Motivation VS Happiness + Lifelong goals

Friday, March 26th, 2010 at 9:46 pm

I’ve had a number of realizations today.

I am only motivated in life when I’m unhappy or there’s something to strive/work for. And I’m not talking about general learning here and there, I’m talking about being motivated enough to sacrifice something fun to do something productive.

6 Years ago, this was the status of my life long goals:
1. Finding a profession/career that I enjoy over one I don’t – TO DO
2. Finding a girlfriend/wife who understands me and accepts me for who I am – TO DO
3. Being financially well off enough that I can do what I want, when I want – TO DO

6 Years ago, I was in school. I hadn’t been going out with Zena yet. I hadn’t started playing World of Warcraft.

6 Years ago, I was
1. More social with friends, going out, etc.
2. Ambitious – I was eager to learn
3. Thinner and more healthy. Well, I was still unhealthy but my metabolism was better so I wasn’t the fatty I am today.
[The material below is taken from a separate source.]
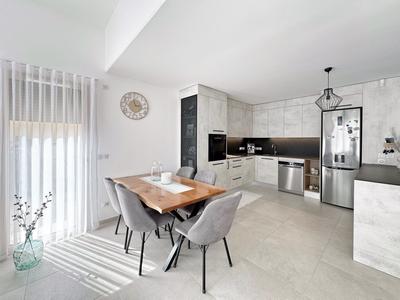 Appartement - 127 m² - 5 pièces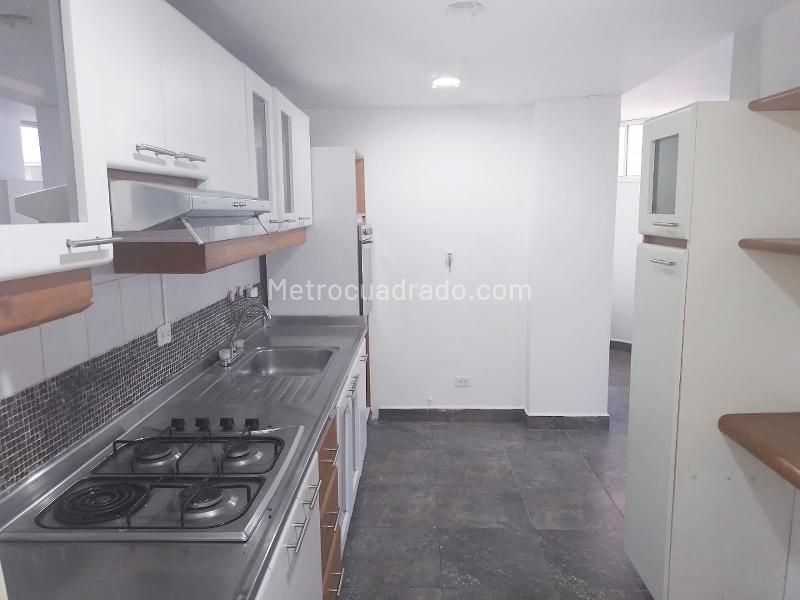 Apartamento Amplio de 3 Alcobas con Aire Acondicionado en Laureles - 5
Now, within 2 years of this older Warren (so within 6-4 years ago)…I started playing Warcraft. Suddenly I was slightly less social. My learning/productive time was also divided due to Warcraft. Then, I started going out with Zena. At this point, I did a disappearing act on my friends…I tried my best to NOT do the disappearing act, since I had been single my whole life and didn’t want to abandon my boyz (or as we used to call it “The Single Man’s Club”….@ least we laughed @ ourselves…) Anyways, I tried not to disappear but Zena was the person whom I’d started spending most of my time with. It took a while but Zena combined with Warcraft resulted in a new, anti-social Warren. Also, as a result of Zena, I literally let myself go (Note: I’m not blaming her btw, it’s just what happened…I don’t have anyone to blame but myself). We had been going out to eat frequently. Too frequently…and…well, honestly, being physically attractive became less important for me. Also, around this time, I also got a full time job. At this point, I was still eager to learn, eager to start my life in the work place. I was a rising star…I didn’t get Outstanding 3/6 times for nothing, I really did an awesome job….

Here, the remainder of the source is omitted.